つ まり、オトナになってピーマン入りの野菜炒めの方が味に幅が出るのに気づくとか、コーヒーに砂糖とミルクを入れてわざわざコーヒーらしさを薄めてそれをおいしいと思っていただけではなかろうかということに気づく、ってことに似ていると思うのです。
 
 
 そういう意味ではスリー・ドッグ・ナイトというロック・バンドには音楽的な垣根を取っ払ってもらったかもしれません。
 このバンドは黒人音楽をリスペクトする白人6人+黒人1人の7人編成です。いわばぼくとR&B系音楽を「とり持ってくれたバンド」です。
 ぼくは「Old Fashioned Love Song」や「Joy to the World」で彼らが好きになり、どんどん聴き漁っていくうちに「Try a little tenderness」に出会いました。ブラック・ミュージックをリスペクトしているだけあって、スリー・ドッグ・ナイトの「Tenderness」の黒っぽさがたまらなく好きだったのですが、それでもオーティス・レディングが歌うバージョンは、まだ自分には濃すぎて馴染めなかったんですね。
 そういうところをガラリと変えてくれたのが、ダニー・ハサウェイの「Live」です。


 このアルバムは、R&Bの領域に限らず、ポピュラー音楽全体の中でもひときわ輝いている逸品ではなかろうか、と思っています。
 ファンキーなグルーブと演奏の楽しさカッコよさはもちろん、いわゆる「ソウルフル」な歌声、ステージと一体感を持っている客席の熱気、どれをとっても理屈抜きにアツくなれます。

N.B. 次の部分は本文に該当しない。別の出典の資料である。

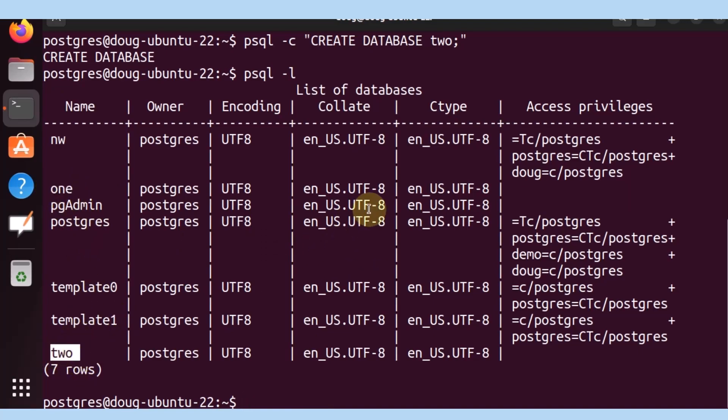And that is how you list databases and of course create them with a psql command line too. Thanks for watching. See you in the next video.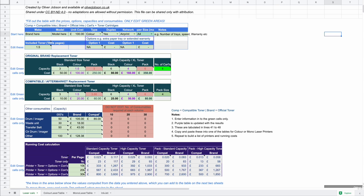This is how to use the printer running cost calculator. There are four tabs: the first tab calculates the running costs of laser printers, with a table for color laser printer costs and mono laser printer costs so you can add outputs from the calculator to track them. There is also a separate tab for calculating and tracking the costs of possible inkjet printers you might be looking at.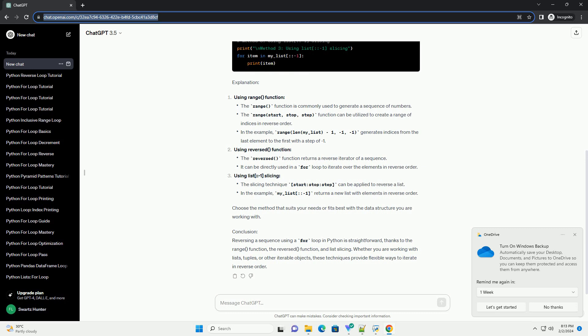Choose the method that suits your needs or fits best with the data structure you are working with.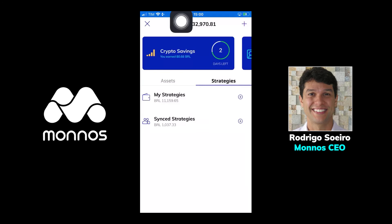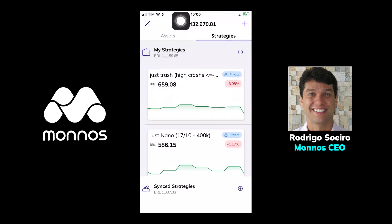Hi guys, today I'm here to talk about our main functionality, the follow strategy and share strategies. Now I'm showing you how to share your strategies on our platform. Here I am inside my wallets. As you can see, there are the assets space and the strategies space. When I go into the strategies space,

 ベース弾きのはしくれとしては、「Voices inside」におけるウィリー・ウィークスのベース・ソロの流れや盛り上げ方にはノックダウンされました。絶品としか言いようがないのです。
 
 
 わかりにくくて長い前置き(汗)ですが、黒人が演奏する黒人音楽に対して抱いていた苦手意識をきれいに拭い去ってくれ、その楽しくアツい世界に引っ張り込んでくれたのがダニー・ハサウェイの「Live」なのです。